クロメバルは基本的に内海よりも、外海に面した消波ブロック帯やミオ筋、水道などで釣れる個体で、ブルーバックと呼ばれることもある、若干青みがかったものだ。実は珍種。ブルーバックはそうそう釣れるものではない。
体色が青みがかったクロメバル(提供:WEBライター・井上海生)なお、回遊性が高いメバルは体色が青みを帯びるが、そこまで回遊しないタイプのクロメバルもいる。そういうメバルは、本当に黒と白とにきれいに体色が分かれていて、筆者の印象上、比較的水質がきれいな岩礁帯などのエリアで、デイに出ることが多いように思う。
厳密に見分けようと思うなら、胸ビレ軟条数が16のものが多いので、数えてみよう。
シロメバル
漁港周り、波止周りに数多く付く、一般に釣りやすい場所でよく釣れるメバルというと、ほとんどこのシロメバルになる。シロメバルといっても、体が茶褐色を帯びていたり、本当に白っぽかったりと、いろいろだ。
シロメバル(提供:WEBライター・井上海生)個人的にはシロメバルは茶褐色のものは見飽きてしまっているので、上の画像のようなきれいな白い体色の良型が釣れると嬉しい。しかし、なぜかこのきれいなシロメバルはサイズが伸び悩むように思う。なぜだろうか?大型は、ほとんどが茶褐色だ。
大型は茶褐色が多い気が……(提供:WEBライター・井上海生)厳密に見分けるには、やはり胸ビレの軟条数を数える。17であることが多い。
アカメバル
アカメバルは消波ブロック帯などで出やすい。それも、どういうわけか、その体色にそぐう夕マヅメに出るイメージがある。大阪湾近郊では、泉南のテトラ帯でよく釣れる。ただ筆者の感覚上、クロメバルと同様、どちらかといえば珍種。そうそう釣れるものではない。
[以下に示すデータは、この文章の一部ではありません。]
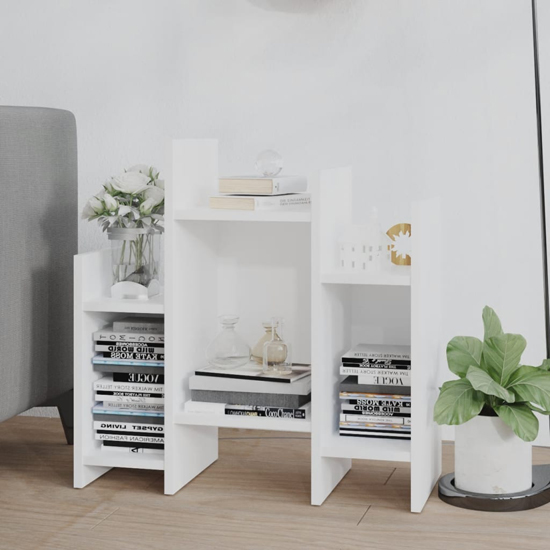 Faxon Wooden Side Table In With 6 Shelves In White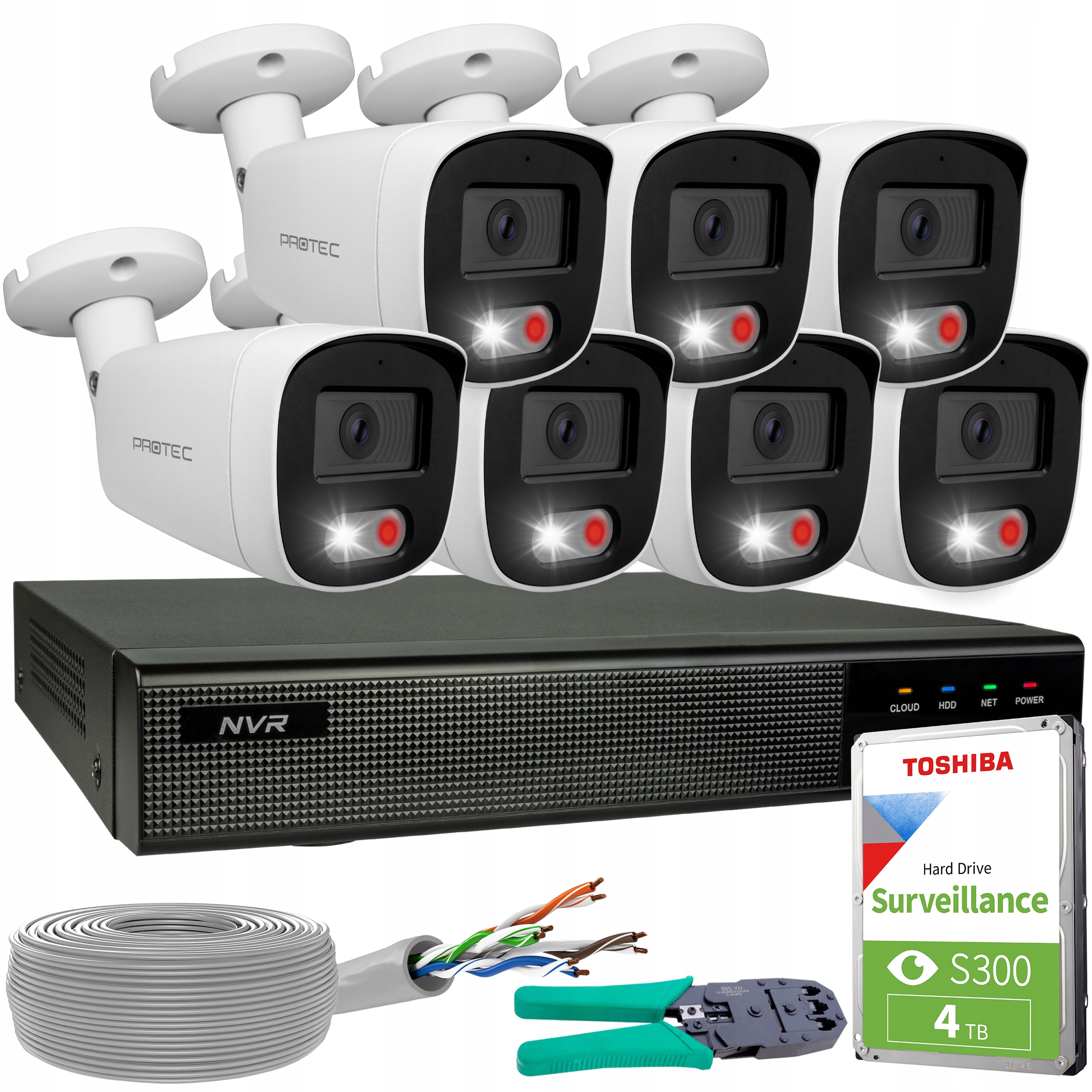 Monitorovací sada 7 kamer Ip 4K 8MP Poe Ir Mikrofon Detekce Hdd 4TB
アカメバル(提供:WEBライター・井上海生)アカメバルは金色っぽい体色のものもいて、キンメバルという通称もある。
全体的に赤い体色が特徴だ。厳密に見分けるなら、胸ビレの軟条数が15であることが多い。
近年まで同一種の扱いだった
実はつい数年前まで、メバルといえばすべて、今でいうシロメバルに区別されていたようだ。シロメバルの体色黒っぽいバージョン(ブルーバック)、または赤っぽいバージョン、という風に。
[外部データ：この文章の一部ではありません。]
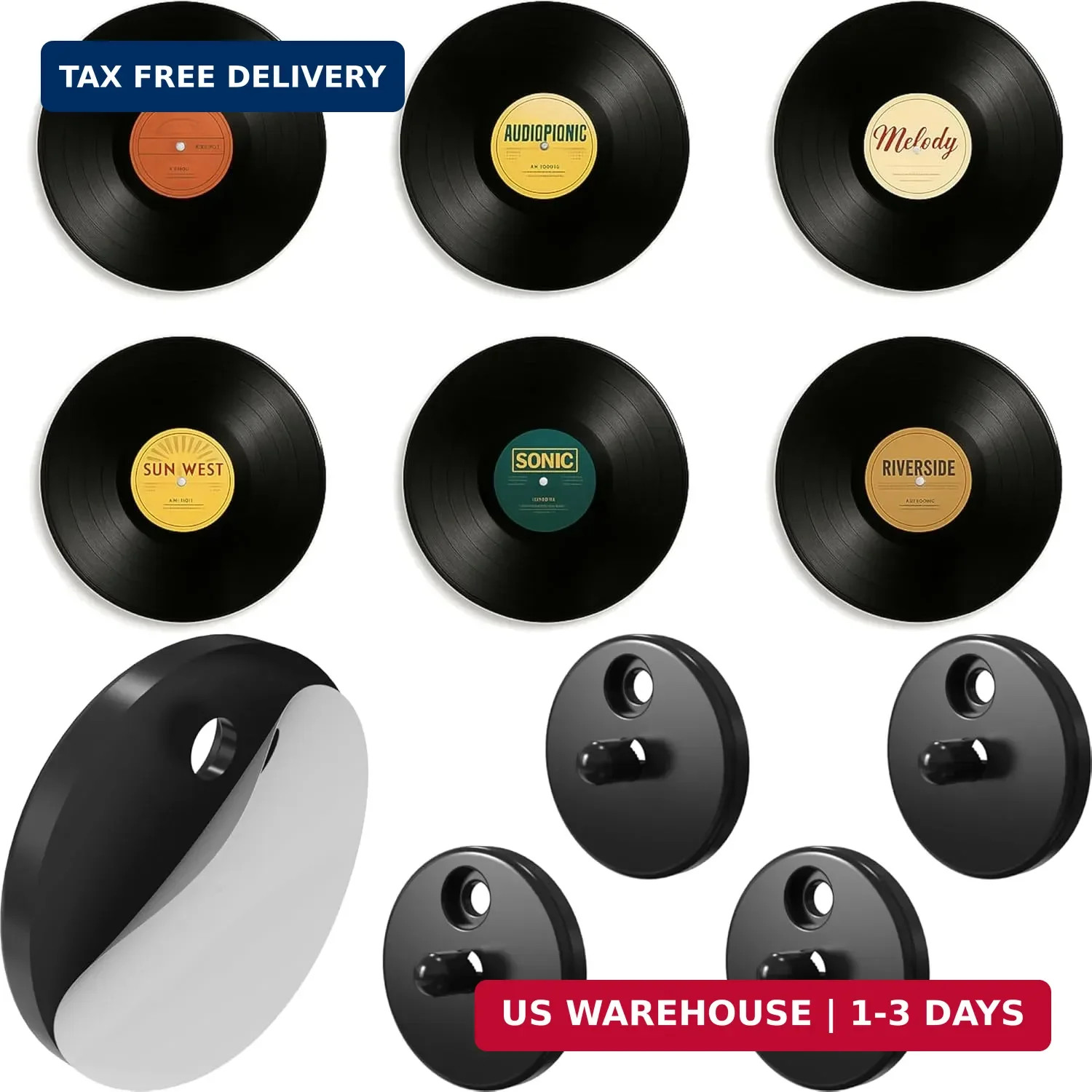 Modern JP Adhesive Vinyl Wall Mount for Discs (4-Pack) - Strong Hold Record Hold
実はすべてDNA的にも違う魚であるとわかったのは、近年のことらしい。身近な魚であるがゆえに、その存在感がなじみすぎて、類別が見逃されていたのかもしれない。
釣り方は変わらず
クロメバル、シロメバル、アカメバル。3種のメバル、すべて釣り方はかわらない。ワームの表層リトリーブや、レンジキープで釣れる。エサ釣りでは、シラサがよく用いられる。
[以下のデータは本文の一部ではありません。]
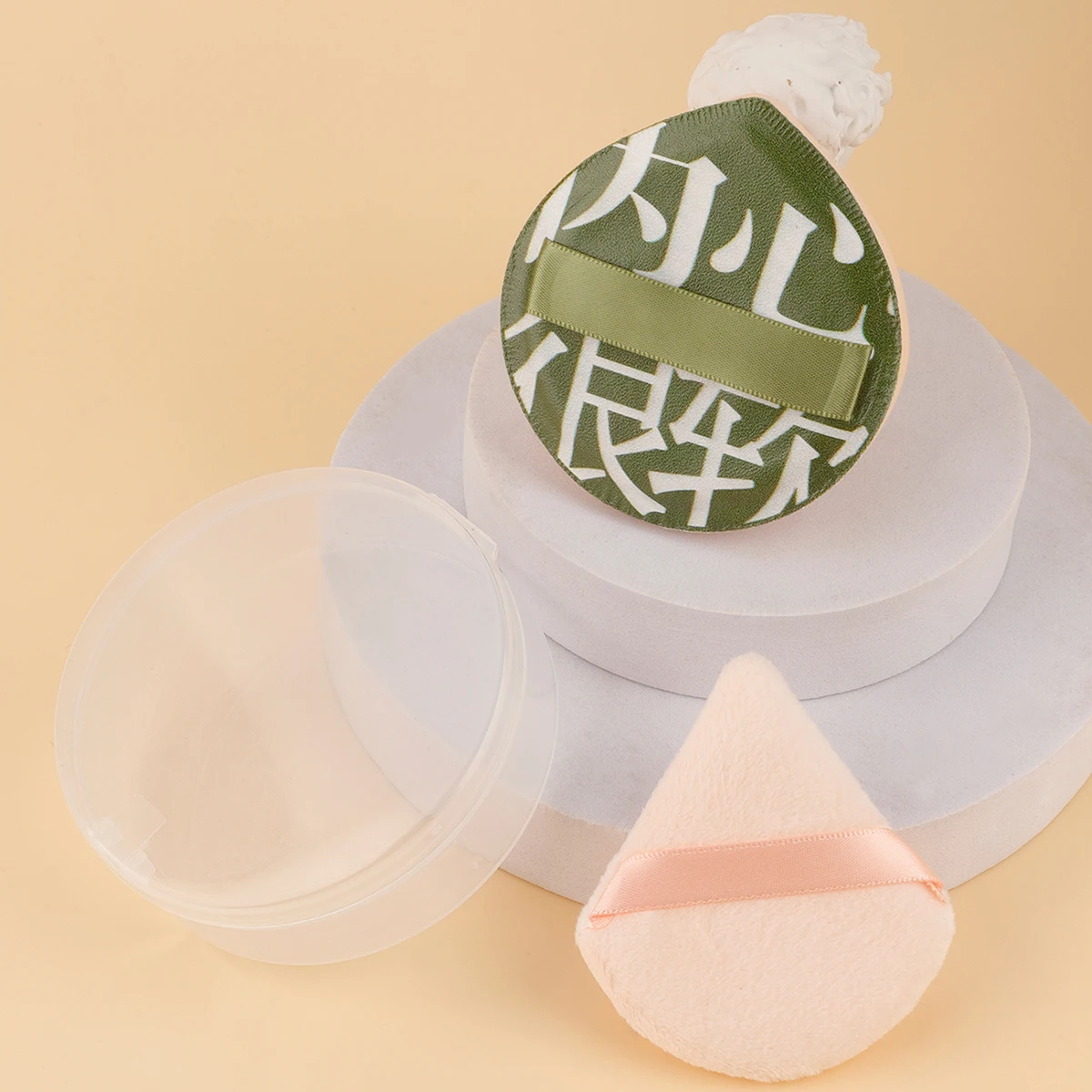 Water Drop Shape Soft Makeup Powder Puff With Portable Storage Case Non‑Latex Wet Dry Use Foundation Cosmetic Tool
ただ出やすい場所には上述のように違いがある。クロメバルは外海に面したエリア、シロメバルは漁港周り、など。コンプリートを目指すなら、いろんな場所を釣り探ってみよう。
特定種狙いも面白い
体色の違いにより、メバルの習性は特にほとんどかわらないように思う。というのも、同じ釣れ方をするのだから、同じような食性のはずなのだ。だが、たとえばブルーバックは湾奥の大阪南港では出ないだろう。生息する場所ということでいえば、違いはあるといえる。
私は個人的に、アカメバルが好きだ。夕日に映えて美しい。メバルアングラーは、サイズや数だけでなく、体色にこだわってみるのもどうだろうか?「今日はクロメバルを出してやるぞ!」と外洋まで走っていく。そんな釣りも、メバリングのマンネリ解消になっていい。